“An Uncommon Sense (Sensual Healing,
Book 1)”
by
Serenity Woods
Published by Samhain Publishing
Contemporary Erotic Romantic Comedy
The giveaway is a copy of An Uncommon Sense. Do you believe in mediums? I do. I believe that some people have the ability to talk to people when they have passed. Please leave a comment and an email address to get in touch with you. I will draw a winner on Saturday. Good luck.
BLURB
All
six senses tell him she’s the one.
High
school science teacher Grace Fox doesn’t believe in any of that woo-woo stuff.

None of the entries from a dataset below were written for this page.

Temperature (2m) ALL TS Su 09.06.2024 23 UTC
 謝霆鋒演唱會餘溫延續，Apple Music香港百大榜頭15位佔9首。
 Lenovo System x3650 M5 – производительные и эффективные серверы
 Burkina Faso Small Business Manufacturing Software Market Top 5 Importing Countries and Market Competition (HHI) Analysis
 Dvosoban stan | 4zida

So it’s easy to laugh off her friend’s prediction that she’ll have
swear-out-loud sex with the next man who walks through her classroom door.
Who
knew that local celebrity Ash Rutherford would have the time to attend his
daughter’s parents’ night? Or that the Viking lookalike would trigger an attack
of klutziness? He may or may not see dead people, but he certainly got a good
look up her skirt.
A
doctor turned medium, Ash spends his days communicating with unseen spirits.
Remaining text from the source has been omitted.